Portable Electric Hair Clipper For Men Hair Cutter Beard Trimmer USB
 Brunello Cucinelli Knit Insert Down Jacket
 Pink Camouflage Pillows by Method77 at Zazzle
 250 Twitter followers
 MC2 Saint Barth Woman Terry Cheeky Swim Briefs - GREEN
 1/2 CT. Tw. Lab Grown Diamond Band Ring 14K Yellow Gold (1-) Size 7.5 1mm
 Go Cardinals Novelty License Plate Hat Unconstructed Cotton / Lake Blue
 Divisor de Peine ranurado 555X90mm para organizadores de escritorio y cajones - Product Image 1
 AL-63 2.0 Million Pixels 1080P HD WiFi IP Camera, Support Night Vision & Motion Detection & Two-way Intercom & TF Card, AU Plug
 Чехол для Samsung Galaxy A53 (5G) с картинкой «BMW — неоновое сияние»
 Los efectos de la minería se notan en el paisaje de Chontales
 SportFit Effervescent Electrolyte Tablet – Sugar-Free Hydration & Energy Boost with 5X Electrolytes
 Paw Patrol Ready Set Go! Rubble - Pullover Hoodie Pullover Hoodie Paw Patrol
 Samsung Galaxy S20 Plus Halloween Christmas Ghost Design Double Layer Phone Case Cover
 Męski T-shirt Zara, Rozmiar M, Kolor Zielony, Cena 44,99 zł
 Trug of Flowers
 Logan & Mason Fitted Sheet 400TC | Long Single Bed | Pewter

────────────────────────────────────────

Retype the data in full, and keep every line identical to the original.

Portable Electric Hair Clipper For Men Hair Cutter Beard Trimmer USB
 Brunello Cucinelli Knit Insert Down Jacket
 Pink Camouflage Pillows by Method77 at Zazzle
 250 Twitter followers
 MC2 Saint Barth Woman Terry Cheeky Swim Briefs - GREEN
 1/2 CT. Tw. Lab Grown Diamond Band Ring 14K Yellow Gold (1-) Size 7.5 1mm
 Go Cardinals Novelty License Plate Hat Unconstructed Cotton / Lake Blue
 Divisor de Peine ranurado 555X90mm para organizadores de escritorio y cajones - Product Image 1
 AL-63 2.0 Million Pixels 1080P HD WiFi IP Camera, Support Night Vision & Motion Detection & Two-way Intercom & TF Card, AU Plug
 Чехол для Samsung Galaxy A53 (5G) с картинкой «BMW — неоновое сияние»
 Los efectos de la minería se notan en el paisaje de Chontales
 SportFit Effervescent Electrolyte Tablet – Sugar-Free Hydration & Energy Boost with 5X Electrolytes
 Paw Patrol Ready Set Go! Rubble - Pullover Hoodie Pullover Hoodie Paw Patrol
 Samsung Galaxy S20 Plus Halloween Christmas Ghost Design Double Layer Phone Case Cover
 Męski T-shirt Zara, Rozmiar M, Kolor Zielony, Cena 44,99 zł
 Trug of Flowers
 Logan & Mason Fitted Sheet 400TC | Long Single Bed | Pewter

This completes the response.